Bees are doing great here in Western Colorado, dry as usual (upper 90's to mid 100's F, lows in the low-mid 60's) but with all the irrigation, this season is looking good for a honey crop. Working single and double supers and hoping to increase those end of this week. We seemed to still be running 3 weeks behind forage-wise and forage should run until the first hard freeze.


----------



## biggraham610 (Jun 26, 2013)

Virginia has been swamped too, but I cant Kick. most years we are in a deep drought by now. I dont rely on honey for an income so I will take the rain, on sunny days, the girls are coming home with baskets full of clover. Buckwheat on the way. G


----------



## BeeGhost (May 7, 2011)

Keith, you seeing much star thistle this year?? I checked my old stomping grounds in Livermore to see if it came back after a terrible year last year out there...........and again it was a no show this year. One sideliner in that area has about 150 hives..........and six 250 gallon totes full of HFCS in his yard...........I feel for that beekeeper.

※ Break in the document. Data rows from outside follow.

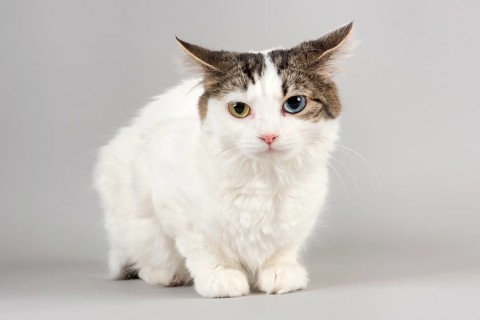 Pedigree cat Cymric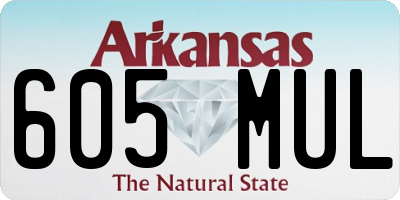 AR license plate 605MUL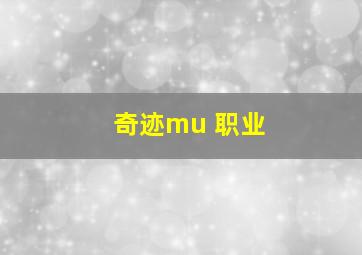 奇迹mu 职业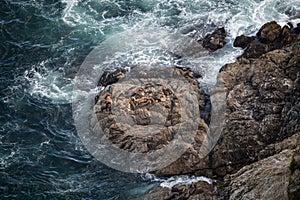 Group of Sea Lions on Shores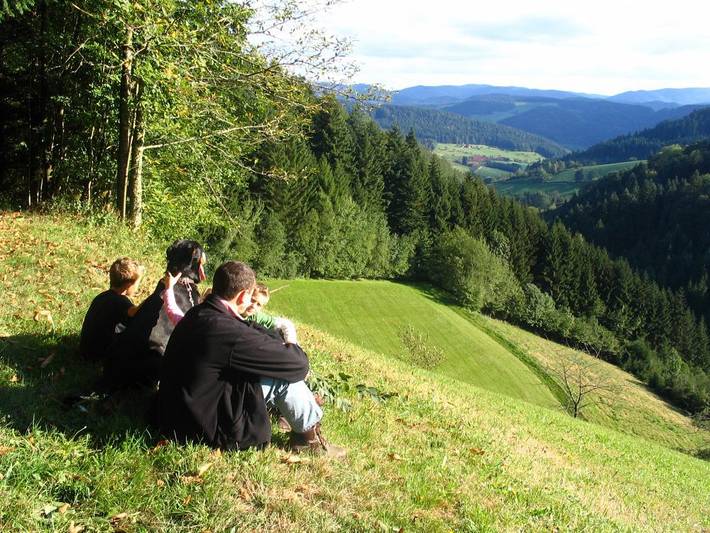 Bauernhof für 4 Personen, mit Balkon und Balkon/Terrasse sowie Terrasse und Garten im Schwarzwald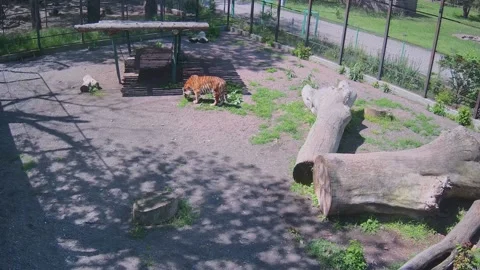 Big tiger looking for a place to hide from the sun Stock Footage 154735830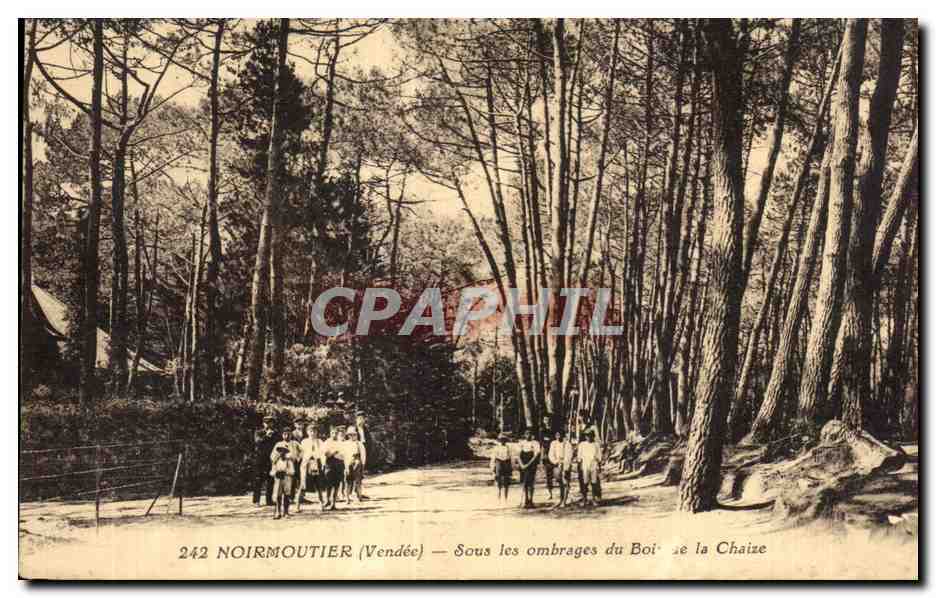 CPA Noirmoutier Sous les ombrages du Bois de la Chaize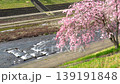 櫻花和河流 139191848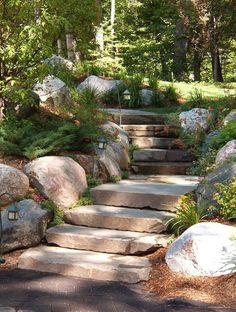 stone steps lead up to the trees and bushes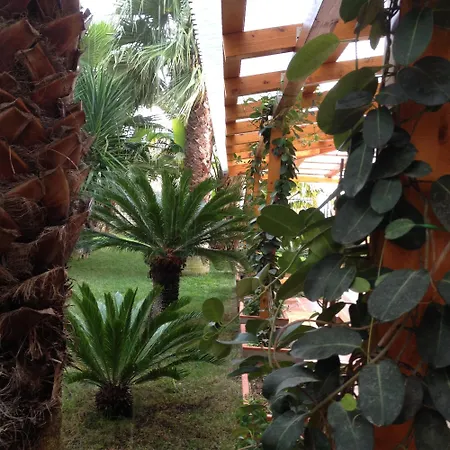 Appartamento Casa Con Giardino Centro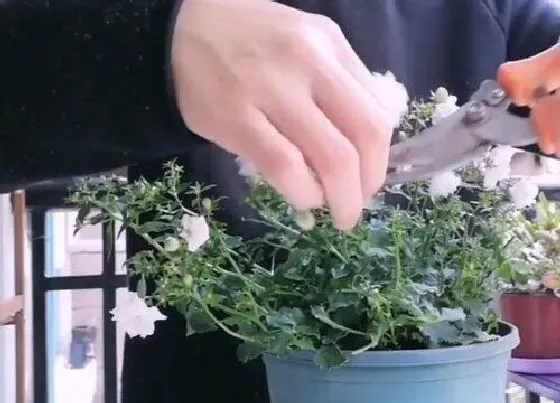 植物修剪|纹瓣悬铃花怎么修剪方法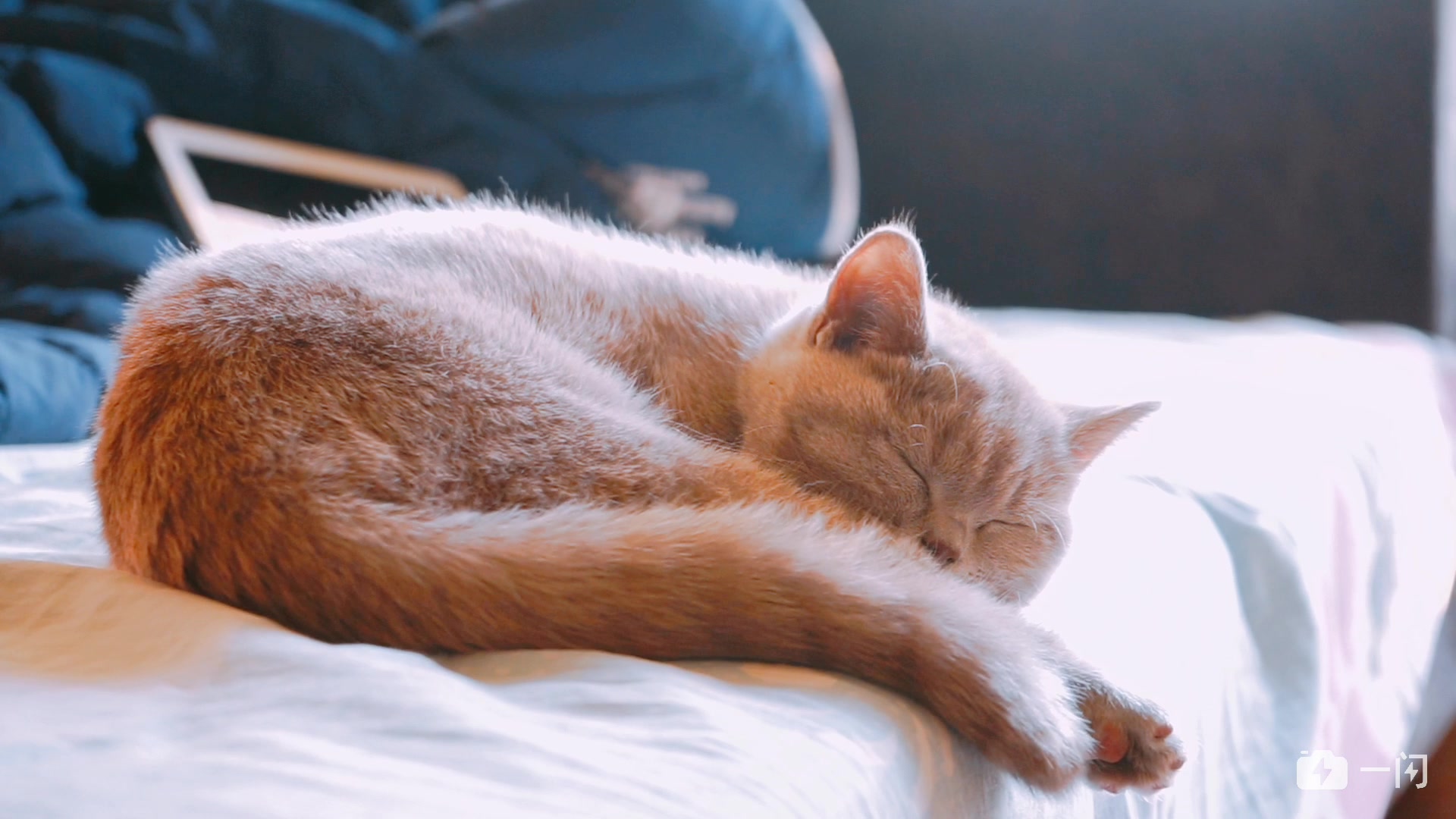 一支安静的猫片儿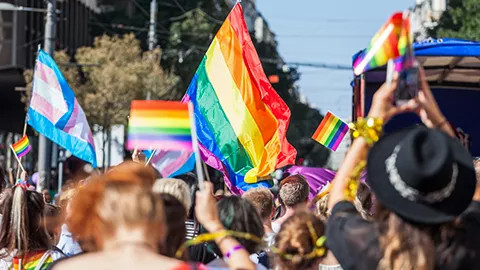 Rainbow flags held above a crowd at a pride parade.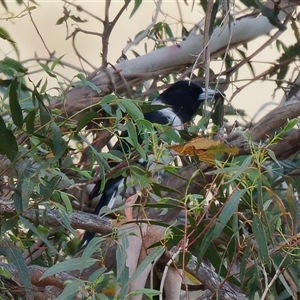 Cracticus nigrogularis at Strathnairn, ACT - 24 Feb 2024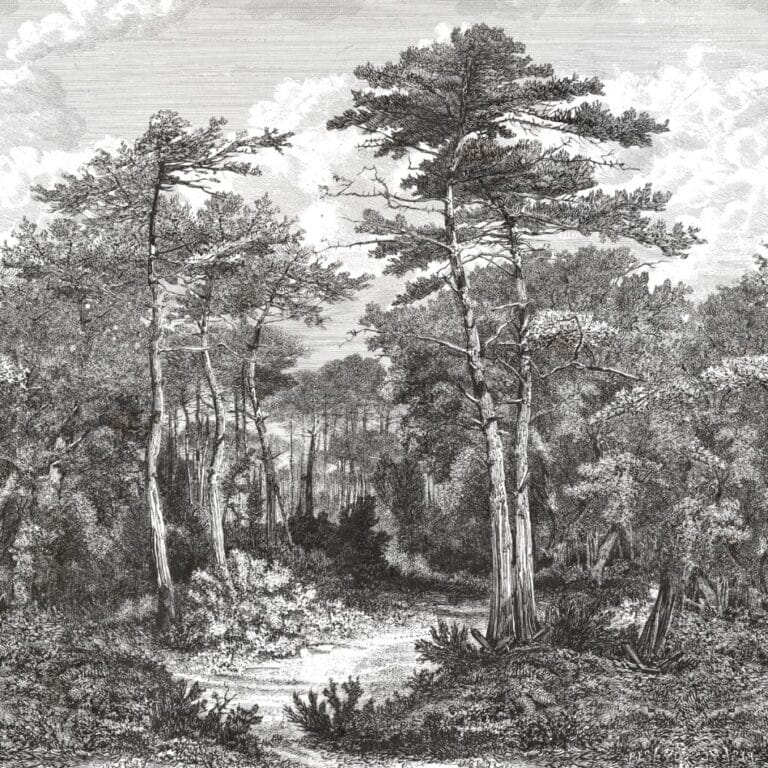 A,View,In,The,Forest,Of,Arcachon,,Vintage,Engraved,Illustration.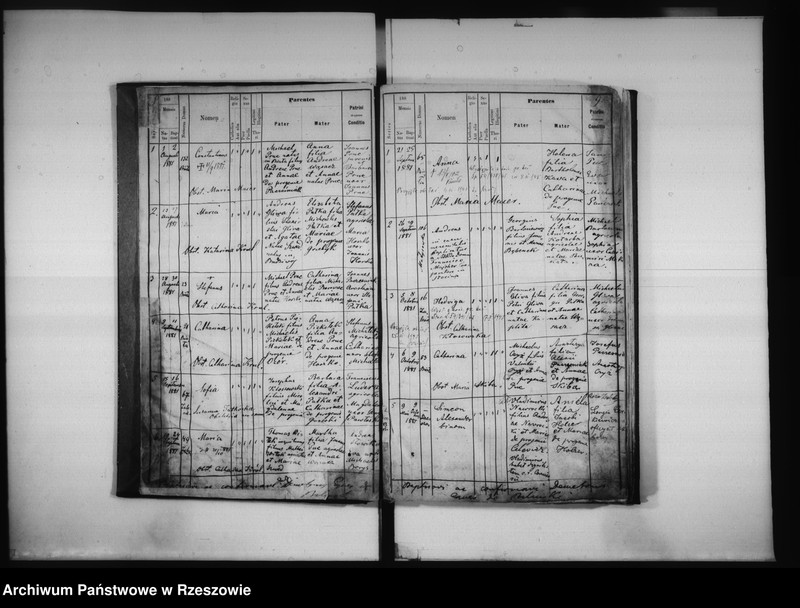 image.from.unit.number "Księga urodzeń Biała, Matysówka, Zalesie Drabinianka, Rzeszów, Tyczyn"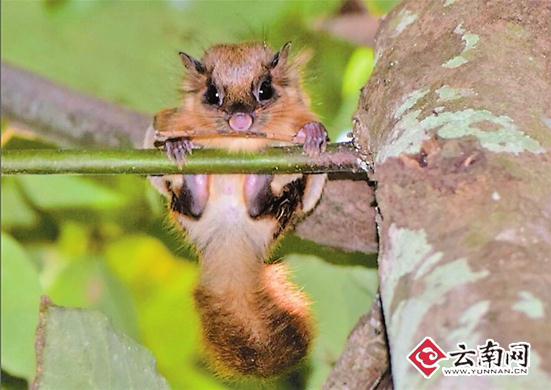 云南沟谷雨林发现珍奇动物——毛耳飞鼠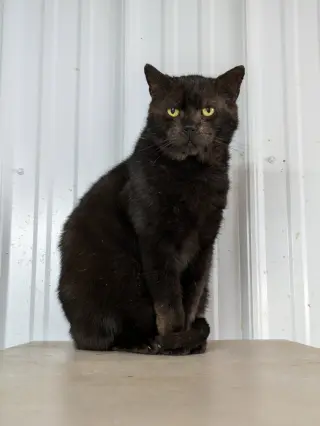 Onyx
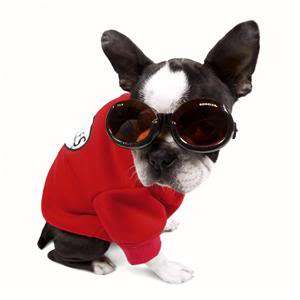 Doggles ILS Black Dog Goggles Sunglasses UV 5 sizes  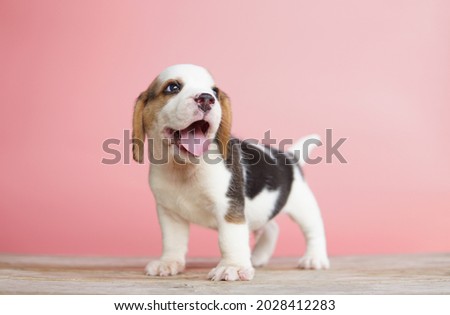 Smile beagle puppy standing on pink background. Adorable dog picture have copy space for advertisement.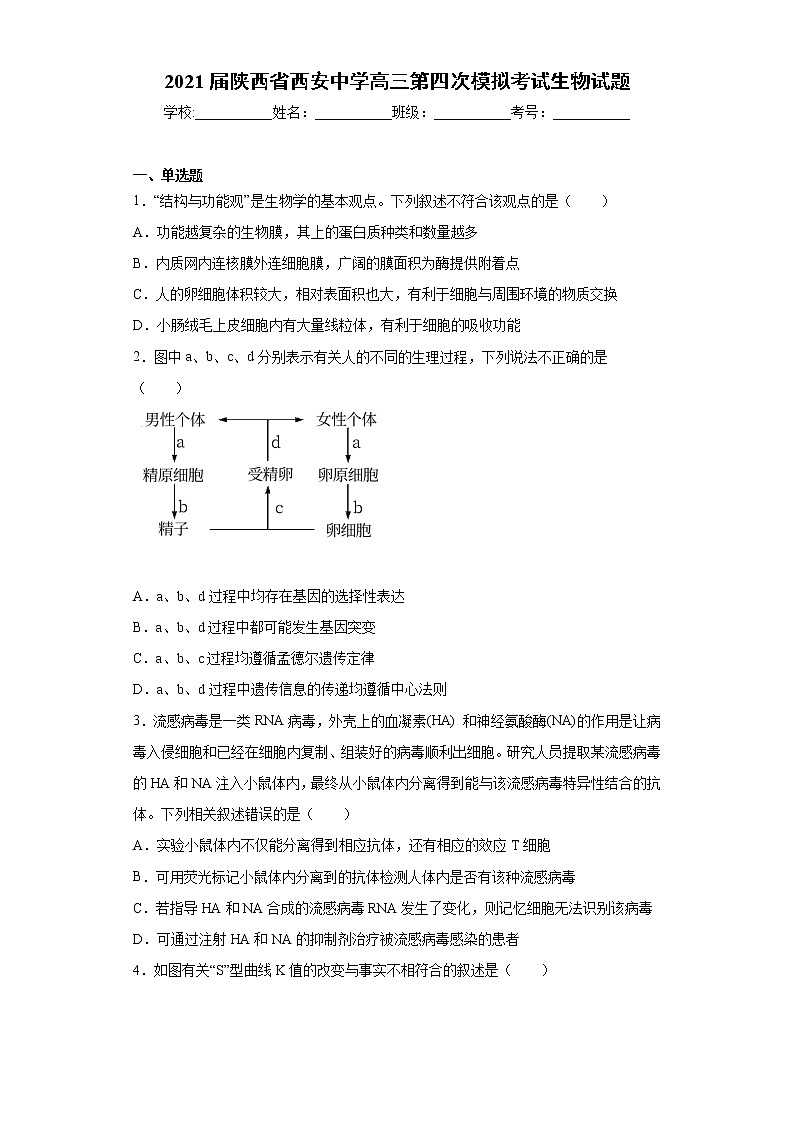 2021届陕西省西安中学高三第四次模拟考试生物试题(word版 含答案)第1页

My bees are doing good, especially for how hard I split them this year. The safflower is almost done, but the alfalfa is getting ready to bloom or in bloom again!


----------



## BigDawg (Apr 21, 2013)

It's been a fantastic summer here in the Willamette Valley! Nice warm Spring, decent amount of rain in May and June (somewhat unusual for us) and the fruit trees bloomed out great and now blackberries are going like crazy! My package hive (installed 4/15) is now on it's 3rd honey super--they took the 2nd super from bare foundation to completely full of capped honey in 10 days! Really, I don't think we could be doing much better. I've actually already got some ripe cherry tomatoes in the garden, and usually we don't see ripe tomatoes until the end of August/beginning of September. My condolences to folks who are having a tough time this summer.


----------



## Dave Burrup (Jul 22, 2008)

It has been very dry and hotter than normal. Our bees are doing fine, but the honey crop is about 1/4 of what we had last year. Our irrigated bee pasture has lots of activity, but there does not seem to be much nectar.
We are past the main flow.
Dave


----------



## Barry (Dec 28, 1999)

Roland said:


> Should bring some honey in tomorrow.
> 
> Crazy Roland


So what did you find, any honey coming in yet?


----------



## JRG13 (May 11, 2012)

Beeghost, seeing more starthistle up here than in the last few years, but it's still sporadic in most places.


----------



## sqkcrk (Dec 10, 2005)

I just got back home from putting more supers on my next to last yard. There is a lot of honey out there.


----------



## BeeGhost (May 7, 2011)

JRG13 said:


> Beeghost, seeing more starthistle up here than in the last few years, but it's still sporadic in most places.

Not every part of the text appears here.